Supplied data Start Marker

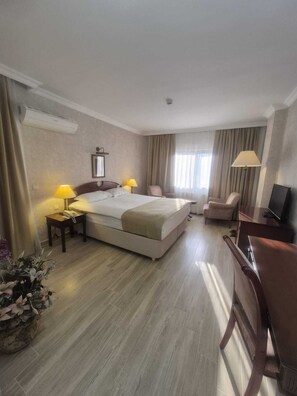 In-room safe, desk, laptop workspace, free WiFi - HOTEL BÜYÜK SÜMELA (Macka)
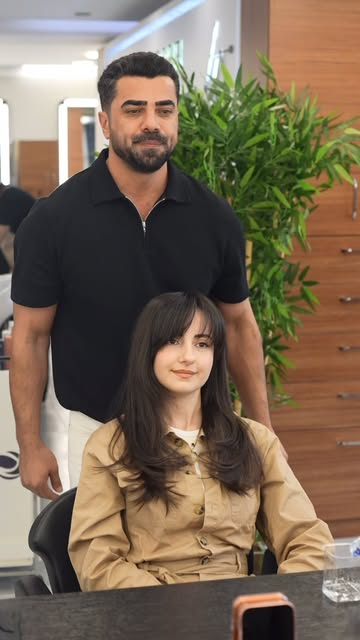 Katlı ve volümlü kesim ✨
Sizce de kusursuz olmamış mı? ❣️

Supplied data End Marker

## Task statement
Every line from the one containing "Katlı ve volümlü kesim ✨" through the last line of the listing must be written out again exactly, and no other line. Leave the pictures aside.

## Answer to this problem
 Katlı ve volümlü kesim ✨
Sizce de kusursuz olmamış mı? ❣️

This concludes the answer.